SLD chce zlikwidować Fundusz Kościelny
SLD chce likwidacji Funduszu Kościelnego. Klub Sojuszu złoży w poniedziałek w Sejmie projekt ustawy w tej sprawie. Fundusz Kościelny to dzisiaj przeżytek - uważają politycy SLD.
Wiceszefowa SLD Katarzyna Piekarska tłumaczyła na poniedziałkowej konferencji prasowej, że formuła, w której w 1950 roku powołano Fundusz - jako rekompensatę za upaństwowiony w czasach PRL majątek Kościoła - wyczerpała się. - Nie ma dzisiaj najmniejszej podstawy ku temu, by on dalej funkcjonował - zaznaczyła Piekarska.
Poseł Sojuszu Sławomir Kopyciński podkreślił, że Fundusz Kościelny spełnił już swoją rolę, ponieważ z jego środków remontowano m.in. kościoły, kaplice, obiekty sakralne. - Ale na dziś wygląda to tak, że 95 proc. tego funduszu jest przeznaczana wprost na opłaty emerytalne, ZUS-owskie dla kapłanów - powiedział Kopyciński.

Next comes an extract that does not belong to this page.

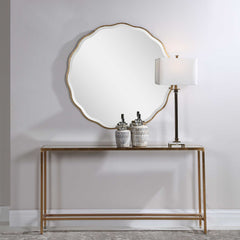 Aneta Gold Round Mirror - Ornate Home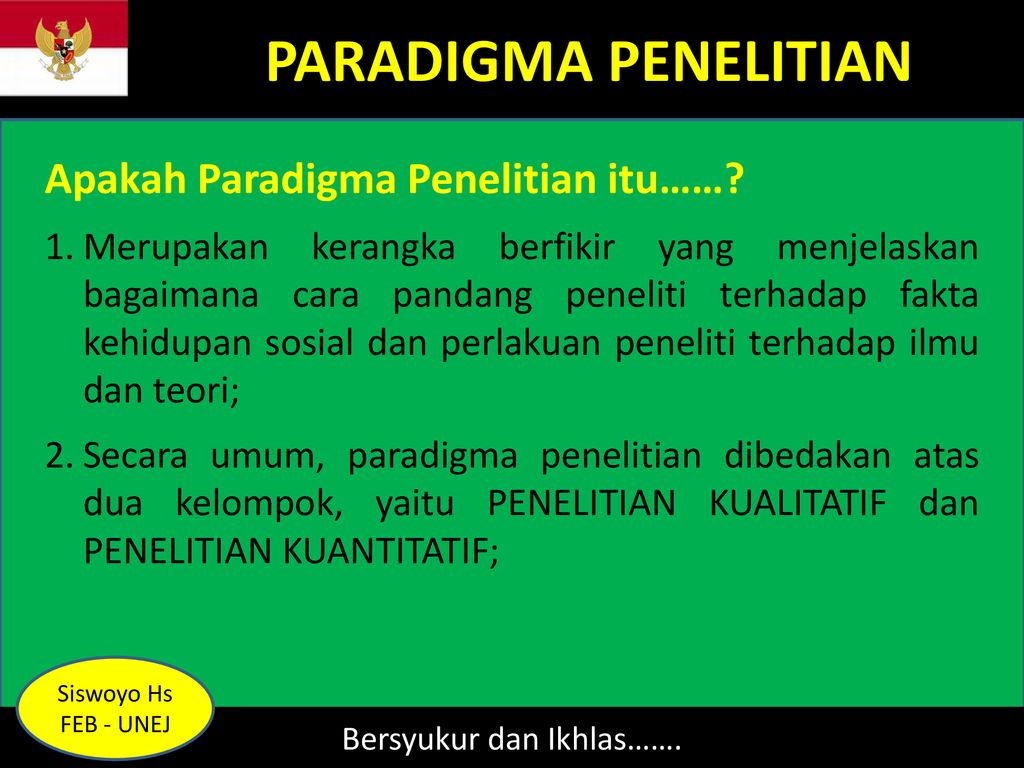 Detail Contoh Paradigma Penelitian Nomer 10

W projekcie zapisano też, że - w razie likwidacji Funduszu - w przyszłorocznej ustawie budżetowej miałaby zostać uwzględniona dotacja dla Funduszu Ubezpieczeń Społecznych na pokrycie składek na ubezpieczenie emerytalne, rentowe i zdrowotne duchownych za obecny rok w części, która nie zostałaby sfinansowana przez Fundusz Kościelny czy przez składki opłacane przez duchownych, instytucje diecezjalne i zakonne.
Kopyciński przekonywał również, że projektu nie należy traktować, jako "ataku SLD na Kościół". - Wprost przeciwnie - liczymy na pełne wsparcie dla projektu tej ustawy ze Strony Episkopatu Polski, ponieważ wydaje się rzeczą nieprawdopodobną, aby Kościół i kościelne osoby prawne chciały w dalszym ciągu żerować na publicznej daninie, a taką daniną jest właśnie istnienie Funduszu Kościelnego - mówił polityk SLD.
Poseł SLD powiedział też, że Fundusz Kościelny, to co roku wydatek budżetowy w wysokości około 100 milionów złotych. Rzecznik Sojuszu Tomasz Kalita uważa, że pieniądze te starczyłyby na pokrycie kosztów związanych z refundacją zapłodnienia in vitro.
Fundusz Kościelny został powołany na mocy ustawy z 20 marca 1950 roku o przejęciu przez państwo tzw. dóbr martwej ręki (chodzi m.in. o dobra przekazywane Kościołowi w testamentach), poręczeniu proboszczom posiadania gospodarstw rolnych i utworzeniu Funduszu Kościelnego.